Awalnya, aku tidak berpikir bahwa mengajar bisa jadi sesuatu yang menyembuhkan. Aku selalu melihat pekerjaan ini sebagai sebuah kewajiban. Namun, perlahan-lahan, perspektifku mulai berubah. Aku mulai menyadari bahwa ada sesuatu yang sangat menenangkan dan memulihkan dalam mengajar.

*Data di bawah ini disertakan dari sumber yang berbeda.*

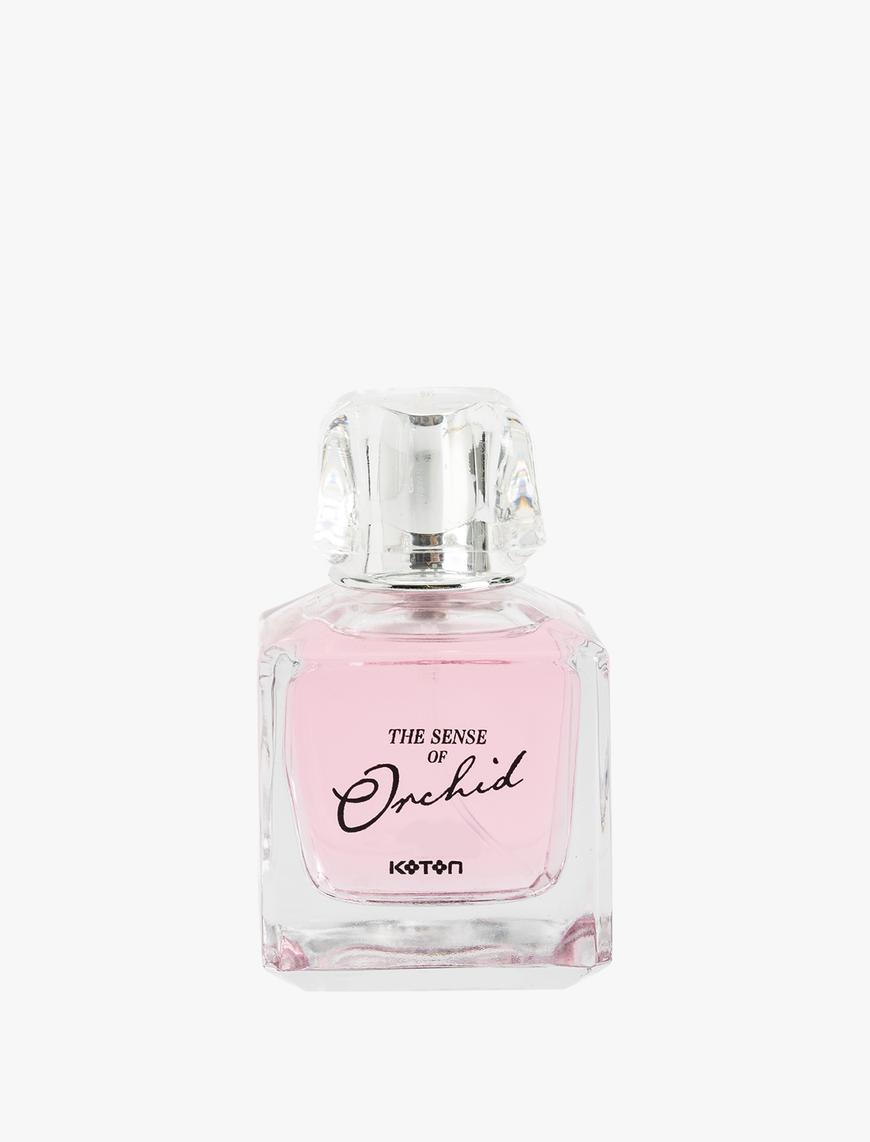  Kadın Parfüm Sense of Orchid 50 ML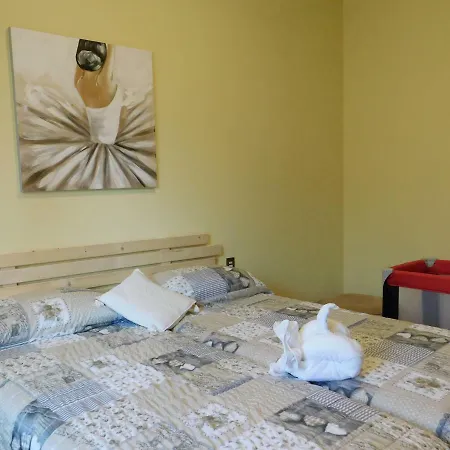 Apartament Greta Cavaion Veronese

Ketika pertama kali masuk ke kelas sebagai guru, aku merasa campur aduk antara gugup, canggung, dan antusias. Anak-anak di depan mata begitu ceria, penuh energi, dan entah bagaimana caranya selalu menemukan alasan untuk menggangguku. Mereka berlarian, berbicara, dan kadang-kadang bertanya hal-hal yang menurutku aneh. Bayangkan saja, pernah suatu hari seorang muridku, Ilham, bertanya, “Ms Mega, kenapa burung bisa terbang, tapi ikan nggak?” Aku sampai bengong sejenak. Itu pertanyaan yang sederhana tapi entah kenapa sulit dijawab dengan cara yang bisa dimengerti oleh anak umur 6 tahun.
Namun, seiring waktu, aku mulai menikmati dinamika di kelas. Aku mulai memahami setiap karakter anak-anak. Ada Ilham yang selalu penasaran, sering bertanya hal-hal aneh, tapi ia adalah anak yang punya rasa ingin tahu luar biasa. Lalu ada Nisa, yang pendiam tapi sangat cerdas, sering kali menyelesaikan tugas sebelum aku selesai menjelaskan. Setiap anak punya keunikan yang membuat mereka begitu spesial di mataku.
Di balik keceriaan anak-anak, aku sadar ada banyak hal yang bisa dipelajari dari mereka. Mereka mengajarkanku tentang kesederhanaan, tentang bagaimana hal-hal kecil bisa membuat bahagia. Ketika aku sedang merasa lelah atau sedih, senyuman tulus mereka, canda tawa di kelas, dan tanya jawab yang kadang konyol, semua itu seperti memberikan energi baru. Aku merasa bahwa saat aku mengajar mereka, sebenarnya aku juga sedang belajar dan sembuh.
Tidak jarang, sebagai orang dewasa, kita terjebak dalam perasaan tertekan. Tuntutan hidup, masalah pribadi, atau bahkan rasa kesepian sering kali menghantui. Sebelum menjadi guru, aku juga sering merasa demikian. Kadang, rutinitas membuatku merasa hampa, seperti ada sesuatu yang hilang dalam hidupku. Namun, ketika aku mulai mengajar, perlahan-lahan perasaan itu berubah.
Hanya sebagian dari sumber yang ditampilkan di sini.